That means we might just have some months together.

I plan to check some of the other ones that I have been watching to see if I can catch those in the same stage.
I know, I know, obsession is a wild beast.




Now, about the butterfly from yesterday that I was all excited about.
I had good information from a reader that it was not a Spicebush.
In fact it is a  Red-spotted Purple (Limenitis arthemis) a polytypic species of North American brush-footed butterfly, common throughout much of the eastern United States.
I am still trying to get them all straight in my head.
I want to go up to them and ask very southern like, "who are your people?"


Should I update you as things progress, or is this a bit like paint drying to you?

It could be a long wait to see this one come out.

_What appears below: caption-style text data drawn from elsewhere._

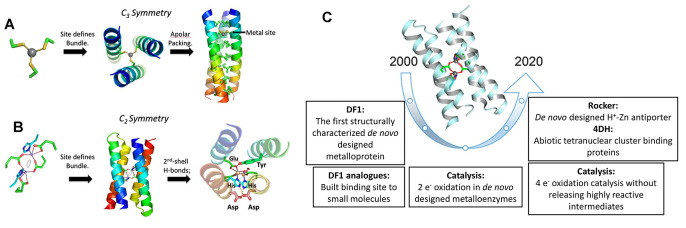 Figure 19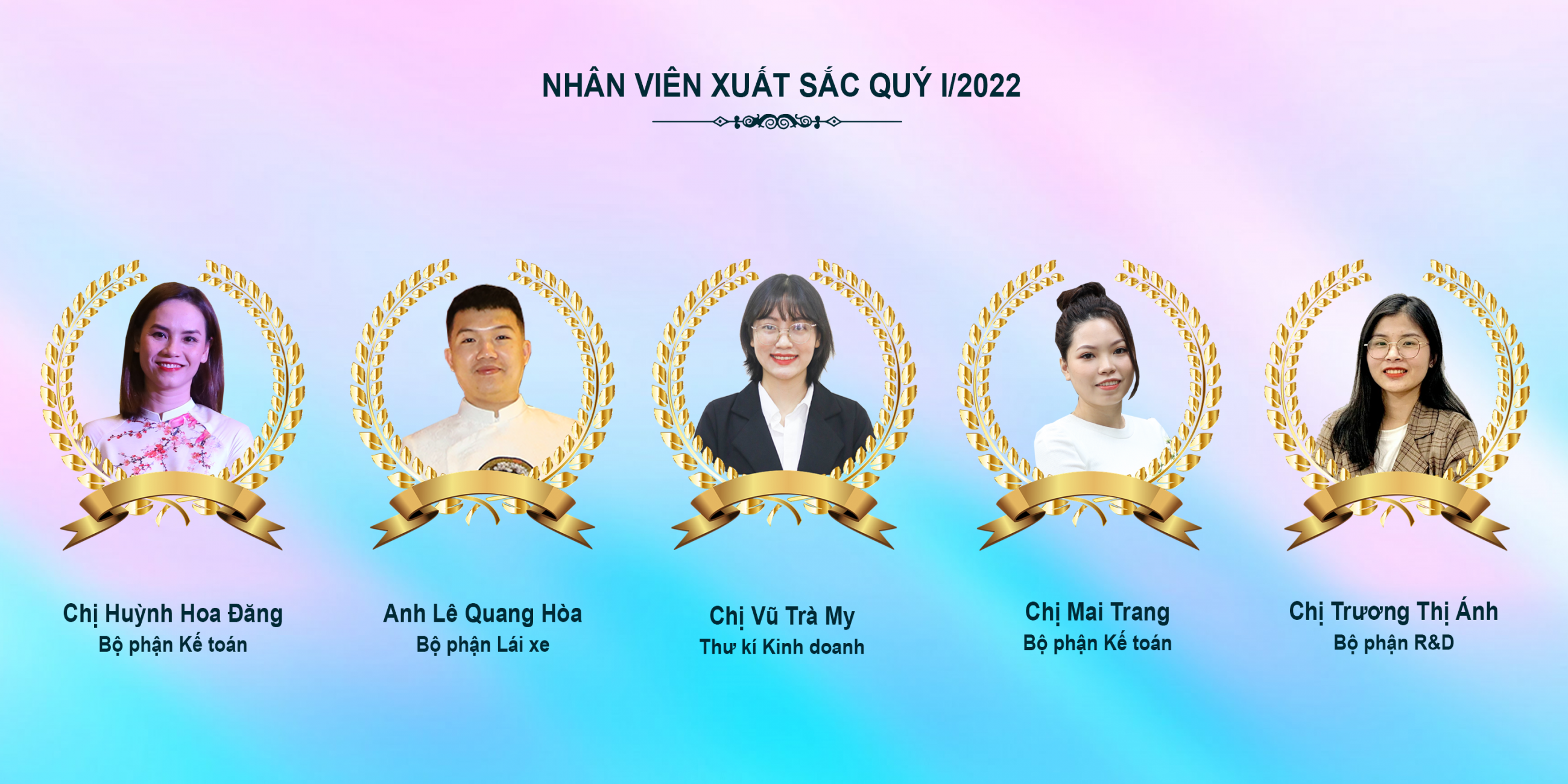 CHƯƠNG TRÌNH TỔNG KẾT QUÝ I/2022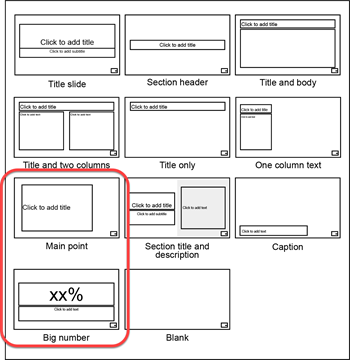 layout options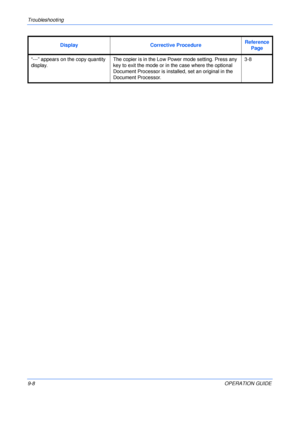 Page 128Troubleshooting 
9-8OPERATION GUIDE “---” appears on the copy quantity 
display.The copier is in the Low Power mode setting. Press any 
key to exit the mode or in the case where the optional 
Document Processor is installed, set an original in the 
Document Processor.3-8 Display Corrective ProcedureReference 
Page
Downloaded From ManualsPrinter.com Manuals 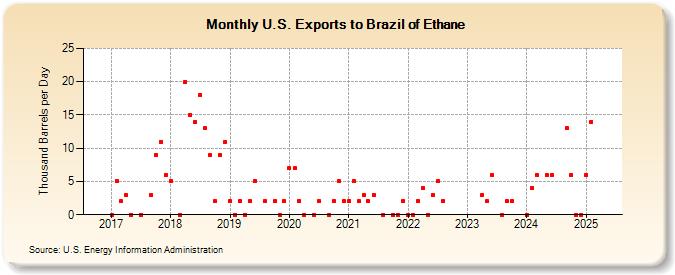 U.S. Exports to Brazil of Ethane (Thousand Barrels per Day)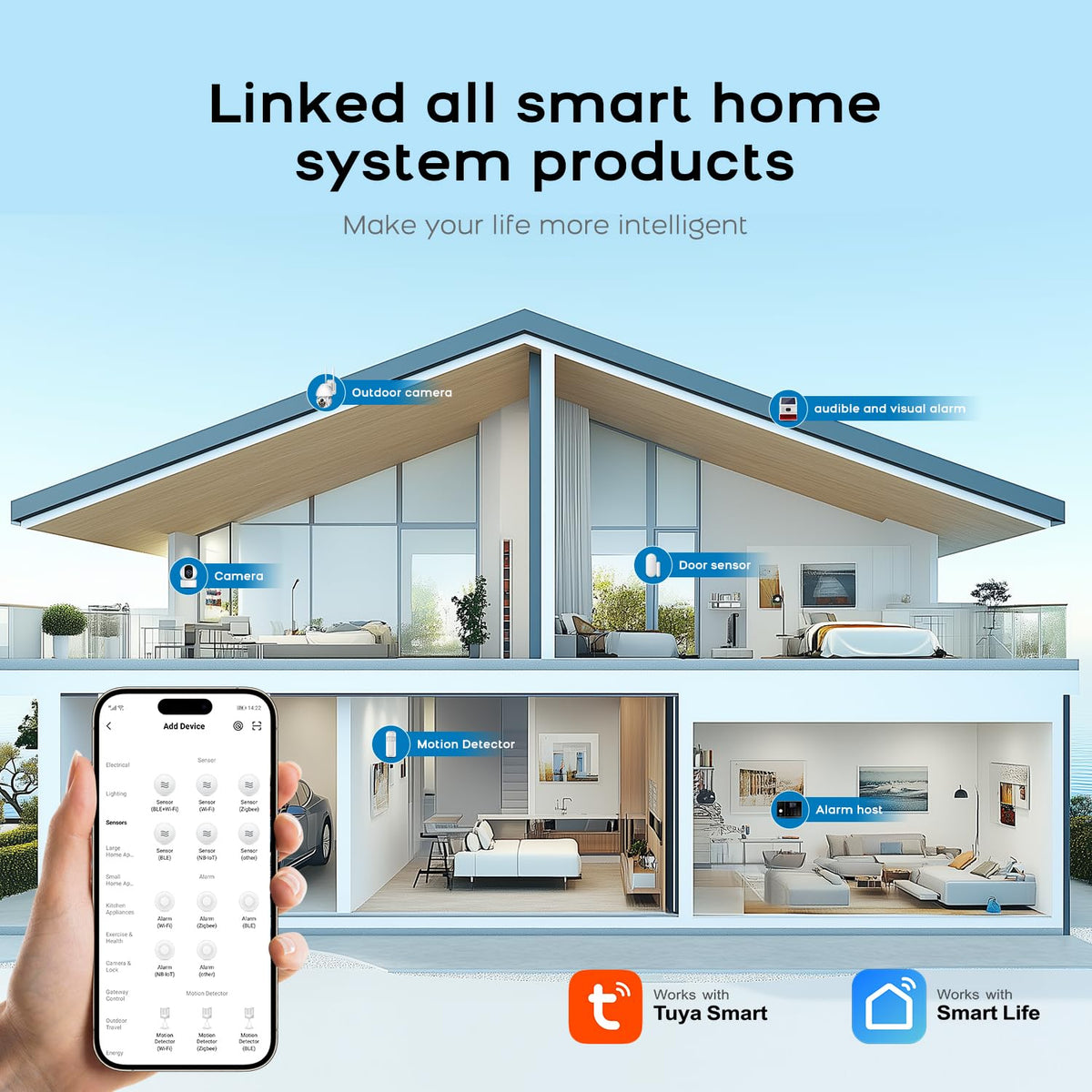 PGST WiFi Alarm System for Home Security,DIY Door Alarm Sensors,Tuya App Remote Control,Compatible with Alexa&Google for Villa,Apartment,Cabage,No
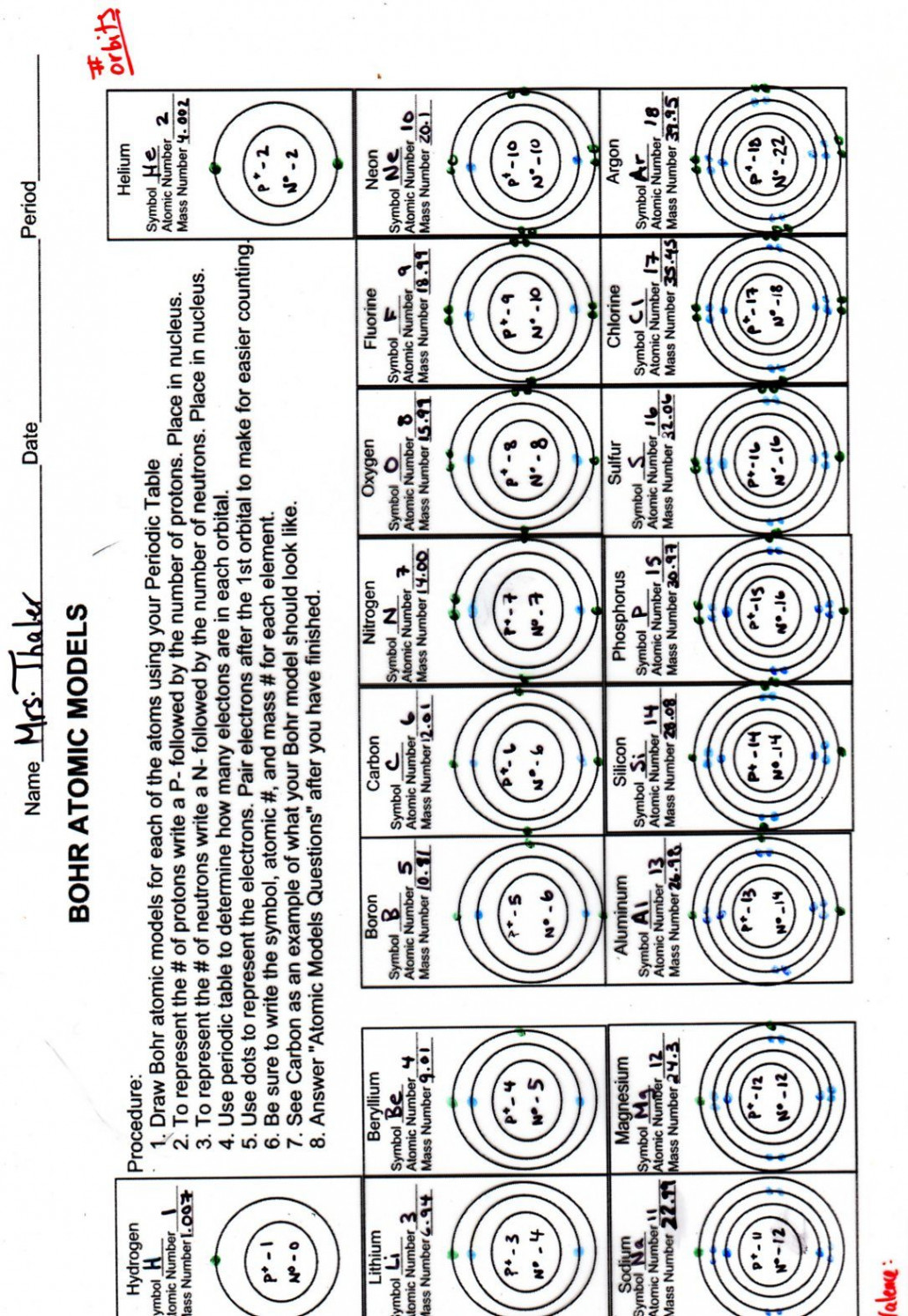 Bohr Model Of The Atom Worksheet Davezan, Bohr Atomic Models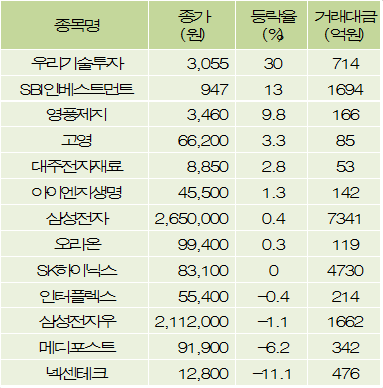 아이엔지테크 이미지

We are glazing away in the studio with about 7-8 shelves to go before we load.
I'll keep you posted.
Cheers,
M


 

Tuesday, September 3, 2013

Shadows, spice and sweet



Yesterday we did our zoo walk.
As we were coming back over the bridge we noticed the great shadows that were being thrown through the fence. In looking at the patterns we saw I have to believe there was some thought in how the fence was made.
It cast wonderful patterns across the base of the water jars.
Then there is the water lady with these great polka-a-dots showing up on the base she is standing on.

 As you well know I am into all things butterfly.
I was with some friends last night and one of them works at the zoo. I was talking about the butterflies and she told me how to find the caterpillars for the Spicebush butterfly.
This morning I went straight over to a sassafras tree and looked for the folded over leaves.
I pulled one apart and- there it was!
I found about a dozen!

   My camera would not take a picture so I found this one the web.
They are the strangest looking things ever!
They look like this so that the things that want to eat them will think they are snakes.

Then, are you ready!???, I was walking in the door tonight after work and what do I see.
Yep!

There she is!
 A Spicebush butterfly.
Sweet!
Correction below! 
(Red-spotted Purple (Limenitis arthemis) is a polytypic species of North American brush-footed butterfly, common throughout much of the eastern United States. L. a. astyanax has red spots on its underside and the top of the wings are notable for their iridescent blue markings. 
The Red-spotted Purple is a mimic of the poisonous Pipevine Swallowtail (Battus philenor) and is typically found in open woodlands and along forest edges.)

They are not as easy to shoot as the other swallowtails that I have been following (stalking) this summer.
I was happy with this one shot that I did get.

We are working on glazing, getting there slowly and surely. 
M


Friday, August 30, 2013

August ends and September begins and so does the next firing.


 It is the end of August, the end of summer fun, the end of long days and soon the end of the butterflies.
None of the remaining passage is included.